**Exercise prompt**
Exactly reproduce the lines from the one holding "NFL Miami Dolphins" through the end of the records, including both boundary lines but no pictures.

Extracted material Start Marker

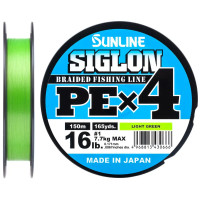 Шнур Sunline Siglon PE х4 150m #2.0/0.242 mm 35lb/15.5 kg Салатовый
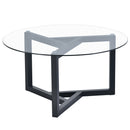 Round Glass Coffee Table Modern Cocktail Table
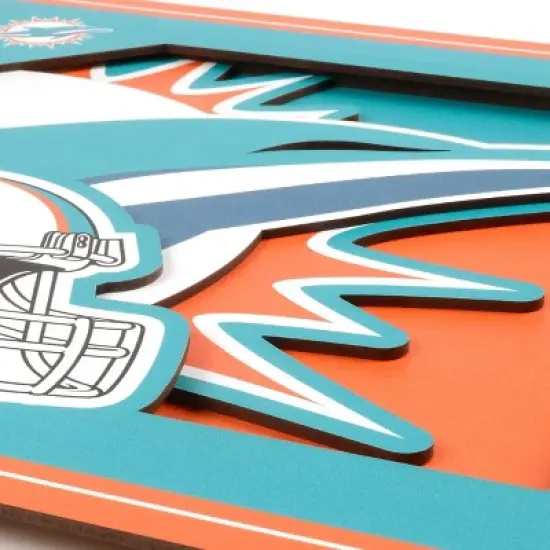 NFL Miami Dolphins 3D Logo Series Wall Art - 12"x12" image {3}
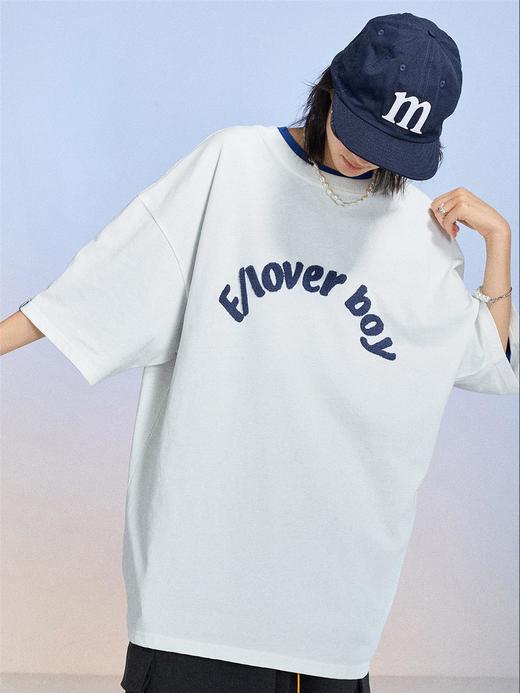 MODITEC 20SS 爱心标语毛巾绣短袖 OVERSIZE原创宽松休闲纯棉T恤 商品图1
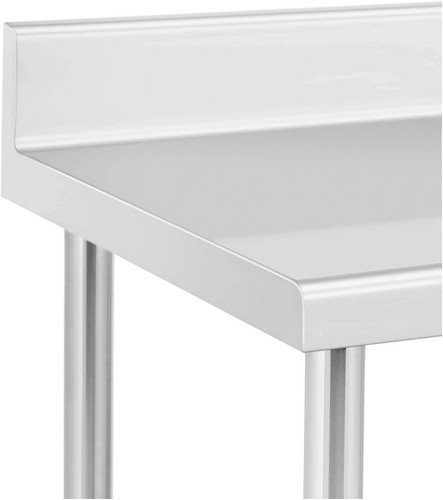 Royal Catering Work Table with Wheels Backsplash 160 kg Load Capacity 60x150 cm - Picture 3 of 5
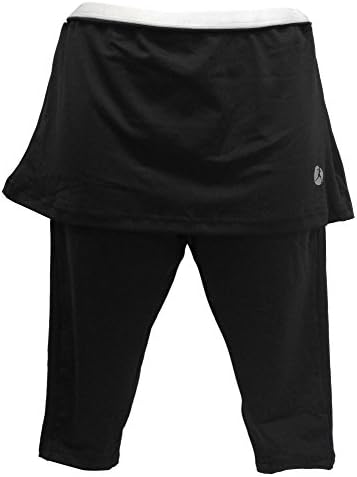 Skirt with legging attached (SKORT) (Medium,Black/White)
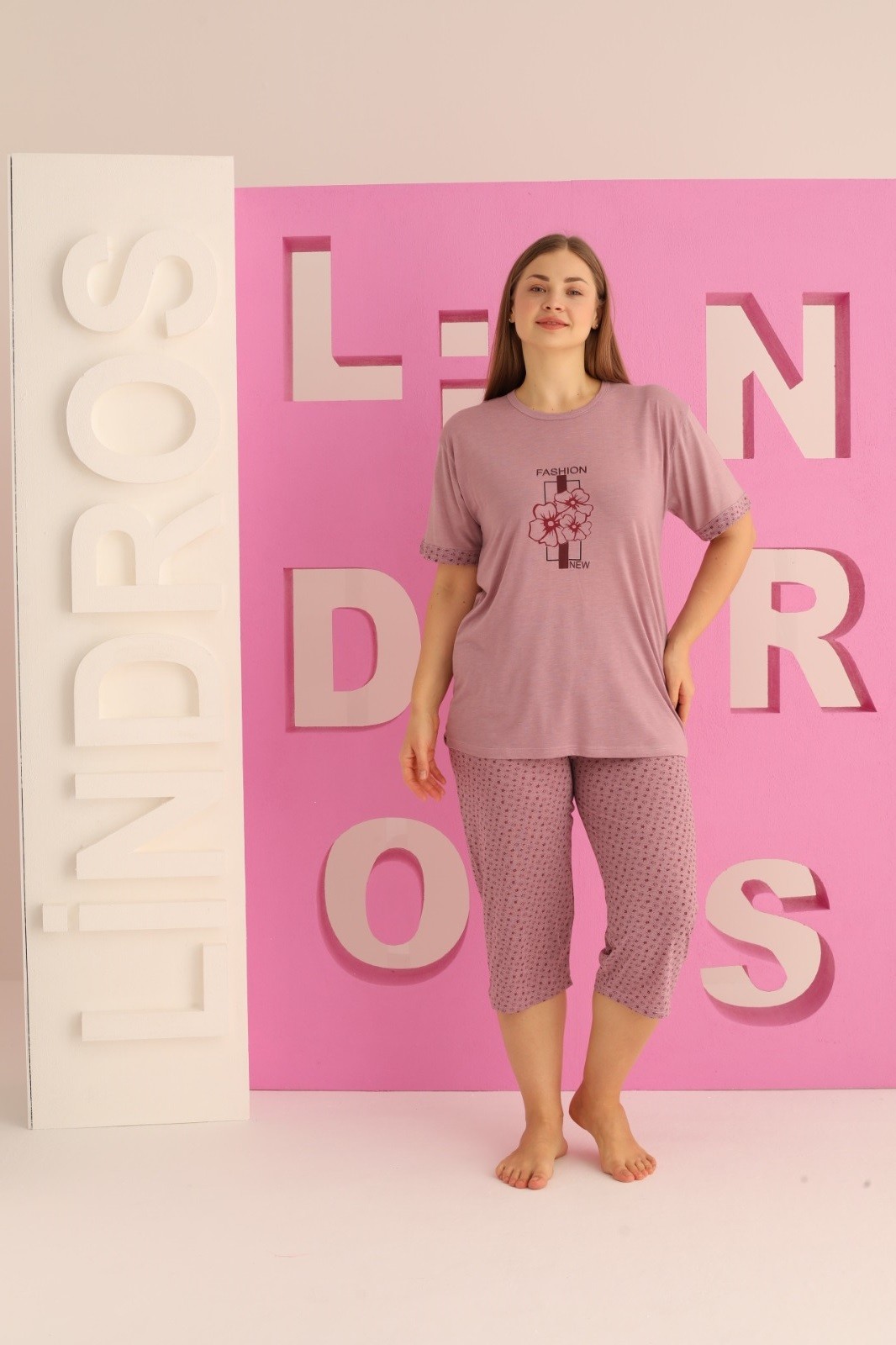 Kadın Büyük Beden Baskılı Desenli Kısa Kollu Kaprili Viskon Pijama Takımı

Extracted material End Marker

**Your response**
 NFL Miami Dolphins 3D Logo Series Wall Art - 12"x12" image {3}
 MODITEC 20SS 爱心标语毛巾绣短袖 OVERSIZE原创宽松休闲纯棉T恤 商品图1
 Royal Catering Work Table with Wheels Backsplash 160 kg Load Capacity 60x150 cm - Picture 3 of 5
 Skirt with legging attached (SKORT) (Medium,Black/White)
 Kadın Büyük Beden Baskılı Desenli Kısa Kollu Kaprili Viskon Pijama Takımı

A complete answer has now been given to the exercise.